What to produce: Wherever pictures appear in the listing below, leave them out, and copy exactly, and only, everything from the line with "ORENJI MATSUBA BUTTERFLY" down to the line with "X0000068840232200605191934".

Excerpted records: Begin

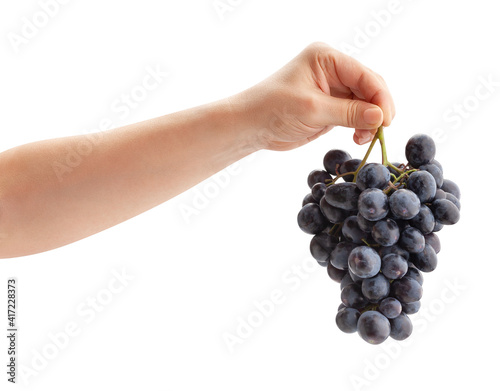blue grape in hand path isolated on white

Excerpted records: End
Excerpted records: Begin

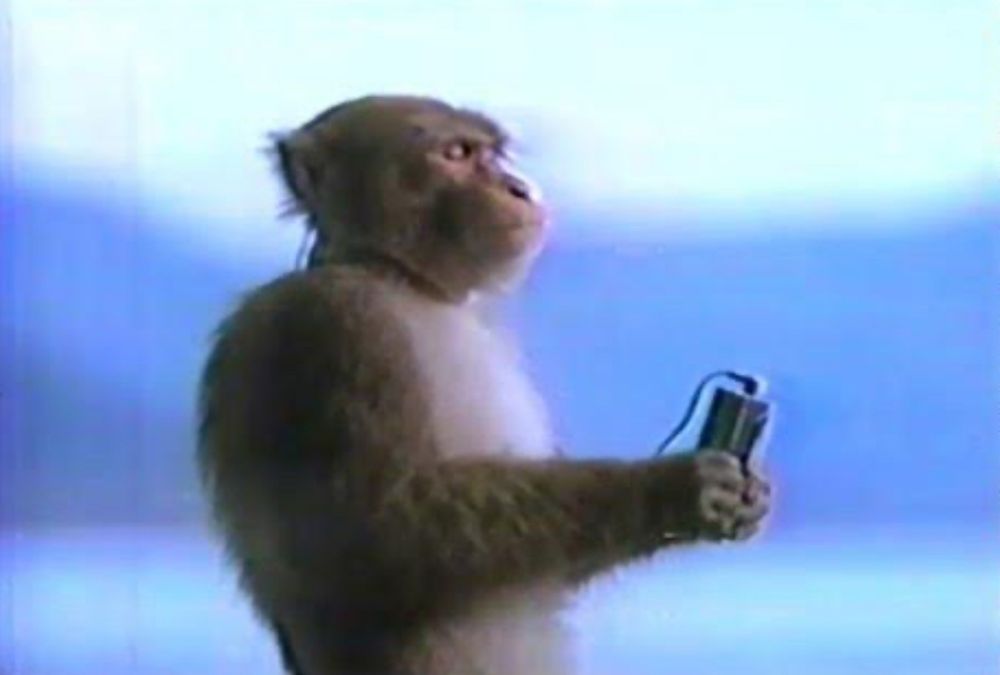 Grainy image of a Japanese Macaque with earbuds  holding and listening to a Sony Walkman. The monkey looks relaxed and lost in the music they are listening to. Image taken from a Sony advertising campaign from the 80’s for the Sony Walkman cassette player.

Excerpted records: End
Excerpted records: Begin

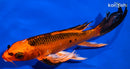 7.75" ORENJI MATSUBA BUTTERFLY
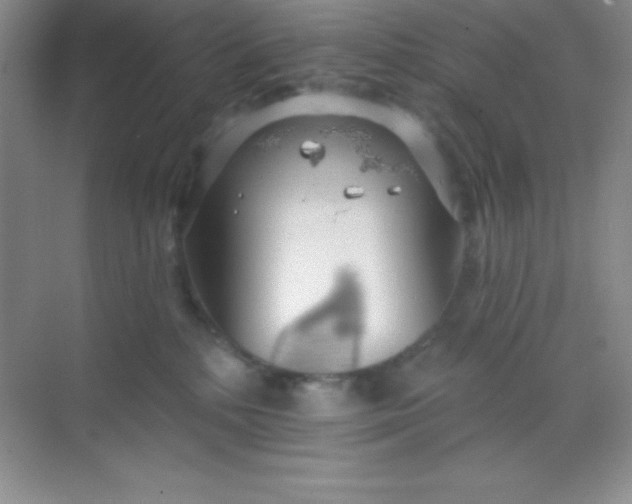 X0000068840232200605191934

Excerpted records: End

Response:
 7.75" ORENJI MATSUBA BUTTERFLY
 X0000068840232200605191934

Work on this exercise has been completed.